The bolt is more than fast enough to get into trouble. The electric engines all have an incredible kick when hit the gas because it's like hitting the trigger on an electric drill.

The one borrowed got up to 75 easily.

They also have a neat feature where the gas peddle works like a golf cart, push the peddle you have gas, let off the peddle and it's a brake. Works well for city driving.
OR you can have it set to work like a normal car.

Read my previous post on the trunk space, wouldn't have guessed but it's comparable, which makes sense.


----------



## Seaside_Slider (9 mo ago)

Stevie The magic Unicorn said:


> I'd take a stop at your local Chevy dealer and see if you can get into one, the cargo space is better than you'd guess.
> 
> 
> 
> ...


Chevy Dealer can’t sell them yet.


----------



## SCdave (Jun 27, 2014)

You need to rent the models you are considering for a day or weekend.
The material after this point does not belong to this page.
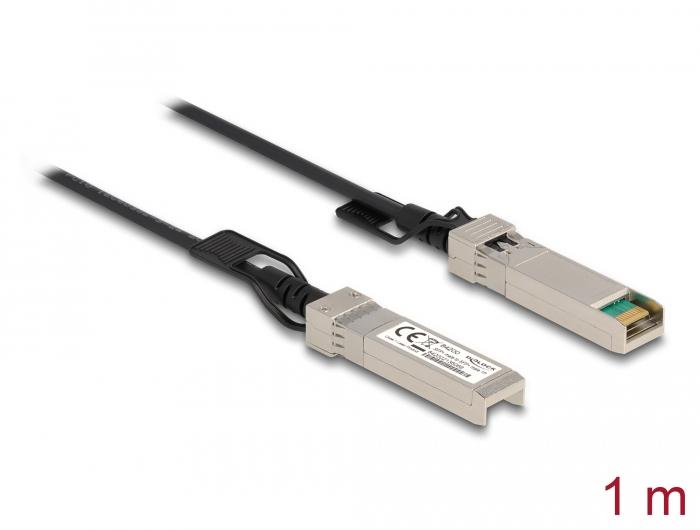 Delock Kabel Twinax SFP+ Stekker naar SFP+ Stekker 1 m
Try Turo App for Private Rentals or see if dealership or a major major rental company has the model you are considering. Does help to put miles and hours on a vehicle with your but in the driver's seat.

Also check out online forums for models you are interested in like a Kia or Chevy Bolt Users Forum. Lots of great insight and both +/-s on forums. 
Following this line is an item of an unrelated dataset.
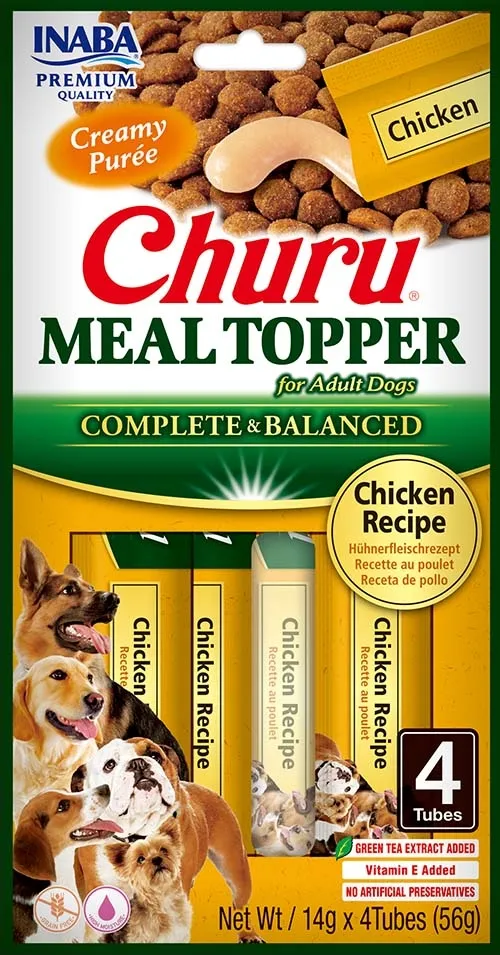 Churu Meal Topper mērce suņiem, vista 56g (14gx4) N12 - Produkta attēls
And you have to research if the EVs you are considering have a State Sponsored Rebate program and/or if the Federal Tax Credit is still available or not. Remember a Rebate is a check in the mail and the Federal Credit is a tax deduction (great if you can use the deduction but meaningless if you don't need the deduction). 

I didn't feel comfortable yet going full EV so settled for a Hybrid Plug-in. I needed to know I could have a 550+ Range getting 55-60 mpg in Hybrid mode incase I couldn't plug in on the road in an emergency (my mother is 2 hrs from me and I help her out often). I don't do many Airport Trips anymore so went with a Prius Prime. 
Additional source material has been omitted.